[Entries provided]
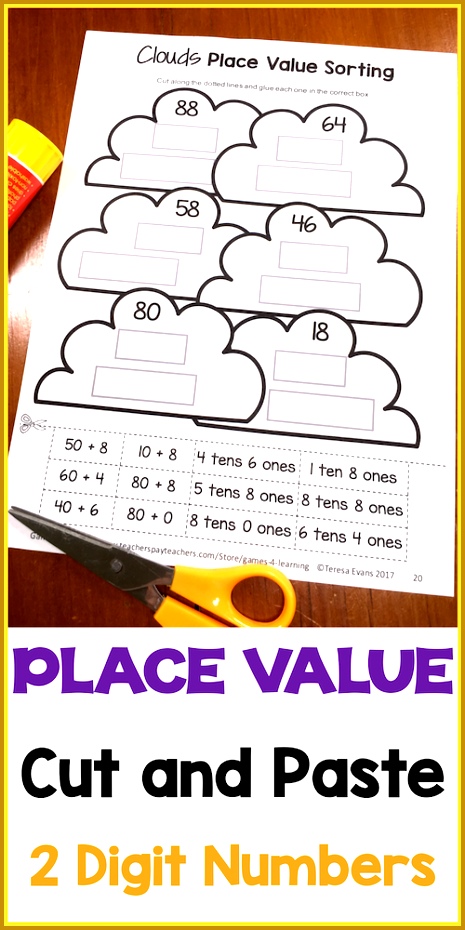 Place Value Cut and Paste Place Value Worksheets 2 Digit Numbers 930465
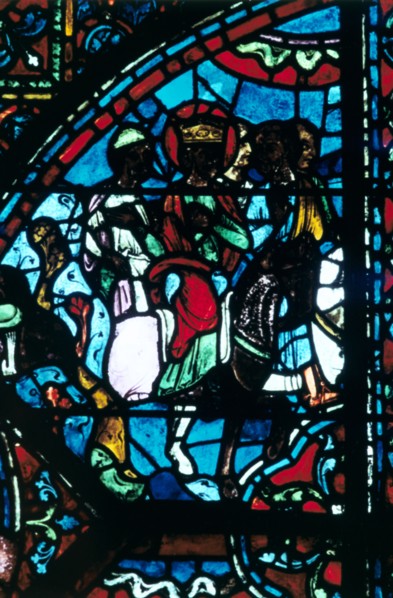 Charlemagne leaves Spain, Stained glass, Chartres Cathedral, France, c1225. Artist: Unknown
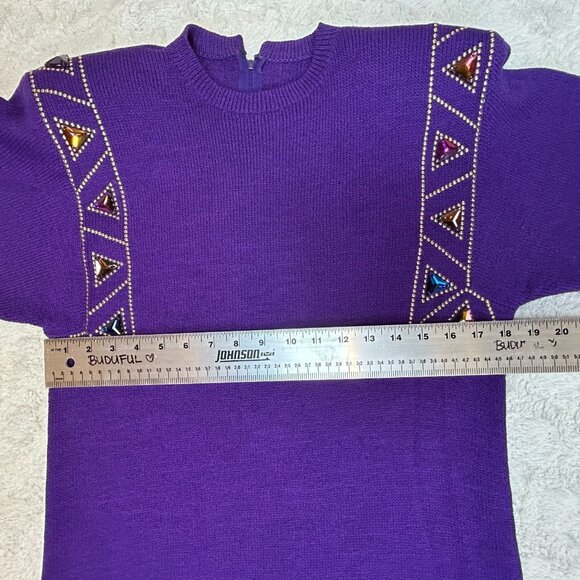 St. John by Marie Gray Mini Sheath Sweater Dress Knit Embellished Purple Size 8 - Picture 7 of 9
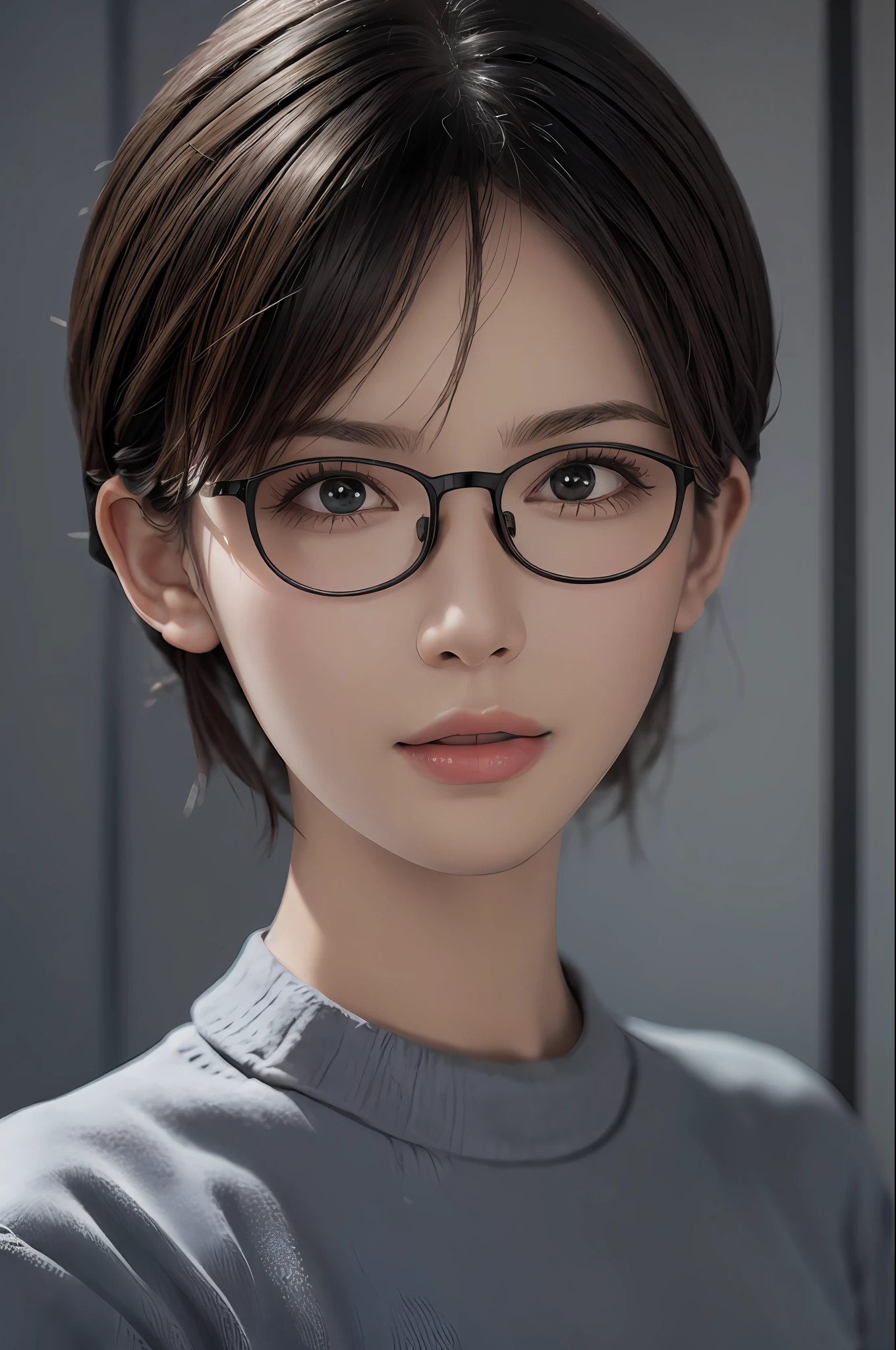 (Masterpiece: 1.3), (8k, Photorealistic, RAW Photo, Best Quality: 1.4), (1girl), Beautiful Face, (Realistic Face), (Black Hair, Short Hair: 1.3), Beautiful Hairstyle, Realistic Eyes, Beautiful Detail Eyes, (Realistic Skin), Beautiful Skin, (Sweater), Absurd, Attractive, Ultra High Resolution, Ultra Realistic, High Definition, Golden Ratio, Black Rim Glasses, Symmetrical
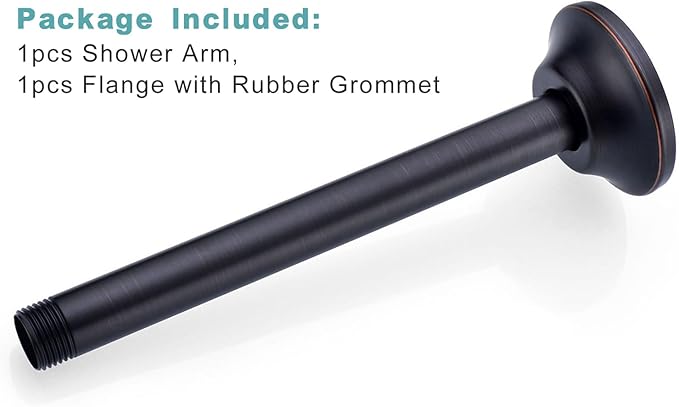 BESTILL 8 Inch Ceiling Mount Rain Shower Head Arm and Flange, Oil Rubbed Bronze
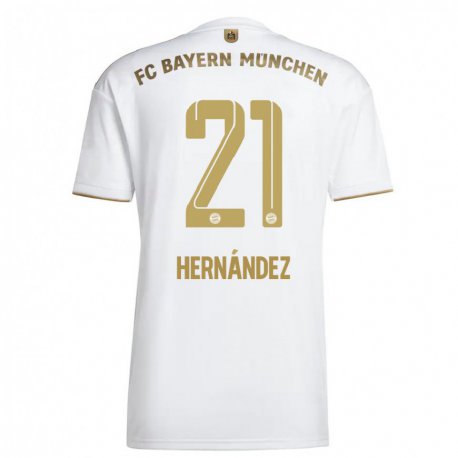 Kandiny Miesten Lucas Hernandez #21 Valkoinen Kulta Vieraspaita 2022/23 Lyhythihainen Paita T-paita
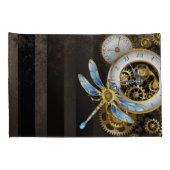 Steampunk-klok met mechanische dragonfly kussensloop (Achterkant-Rechts)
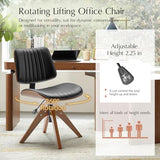 HULALA HOME Faux Leather Home Office Chair with Solid Wood Legs, 360° Swivel Desk Chair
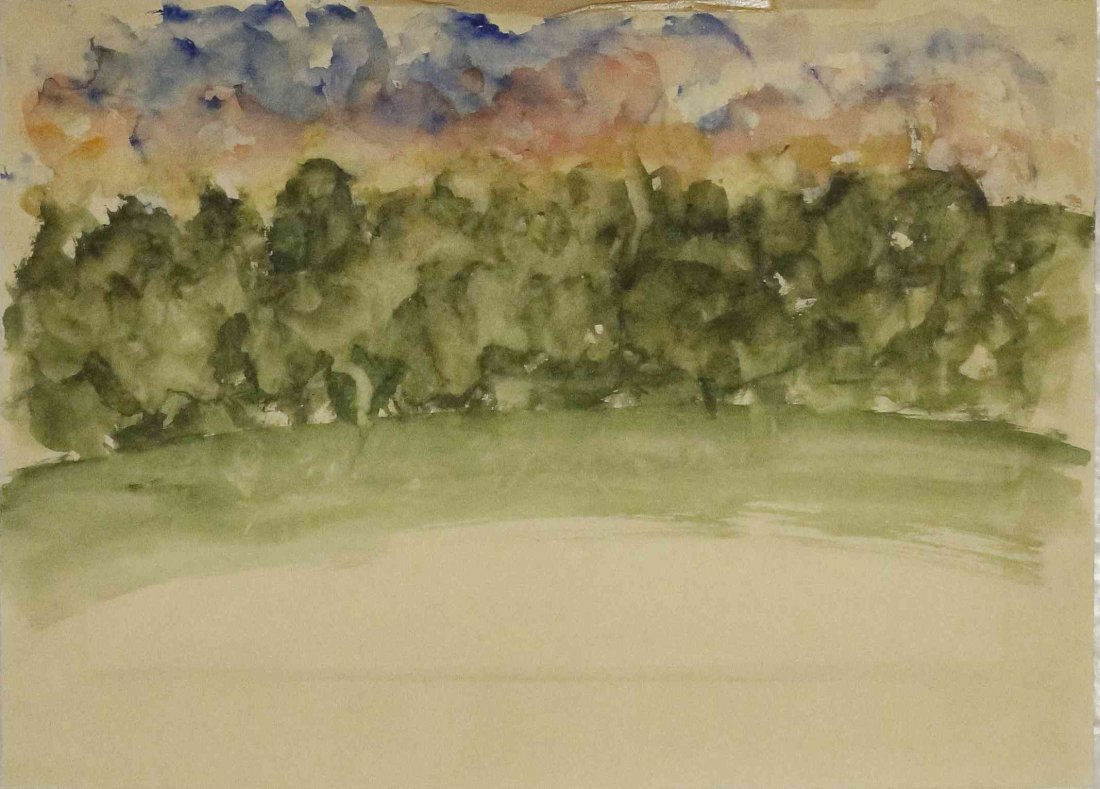 Arnold Friedman, (American, 1874-1946), Park Scene with: Arnold Friedman (American, 1874-1946) Park Scene with Landscape (verso) watercolor signed A Friedman (lower right) 10 x 14 inches.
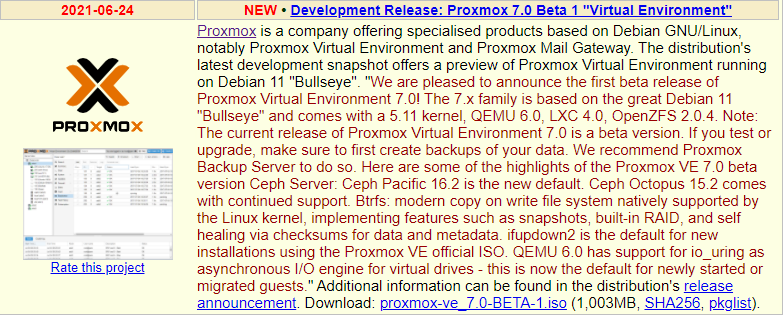 Development Release: Proxmox 7.0 Beta 1 "Virtual Environment"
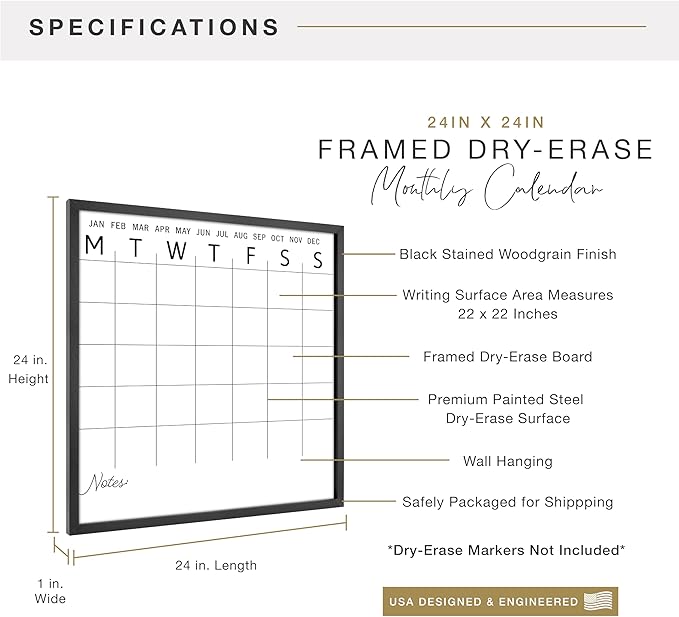 MCS Dry Erase Calander 24x24 Black Framed Monthly Calendar for The Wall, Stay Organized with Family Planner for Appointments, Sports, Events & More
[/Entries provided]
* _Work instructions_
Copy these entries precisely and drop any picture.

* _Written solution_
 Place Value Cut and Paste Place Value Worksheets 2 Digit Numbers 930465
 Charlemagne leaves Spain, Stained glass, Chartres Cathedral, France, c1225. Artist: Unknown
 St. John by Marie Gray Mini Sheath Sweater Dress Knit Embellished Purple Size 8 - Picture 7 of 9
 (Masterpiece: 1.3), (8k, Photorealistic, RAW Photo, Best Quality: 1.4), (1girl), Beautiful Face, (Realistic Face), (Black Hair, Short Hair: 1.3), Beautiful Hairstyle, Realistic Eyes, Beautiful Detail Eyes, (Realistic Skin), Beautiful Skin, (Sweater), Absurd, Attractive, Ultra High Resolution, Ultra Realistic, High Definition, Golden Ratio, Black Rim Glasses, Symmetrical
 BESTILL 8 Inch Ceiling Mount Rain Shower Head Arm and Flange, Oil Rubbed Bronze
 Kandiny Miesten Lucas Hernandez #21 Valkoinen Kulta Vieraspaita 2022/23 Lyhythihainen Paita T-paita
 Steampunk-klok met mechanische dragonfly kussensloop (Achterkant-Rechts)
 HULALA HOME Faux Leather Home Office Chair with Solid Wood Legs, 360° Swivel Desk Chair
 Arnold Friedman, (American, 1874-1946), Park Scene with: Arnold Friedman (American, 1874-1946) Park Scene with Landscape (verso) watercolor signed A Friedman (lower right) 10 x 14 inches.
 Development Release: Proxmox 7.0 Beta 1 "Virtual Environment"
 MCS Dry Erase Calander 24x24 Black Framed Monthly Calendar for The Wall, Stay Organized with Family Planner for Appointments, Sports, Events & More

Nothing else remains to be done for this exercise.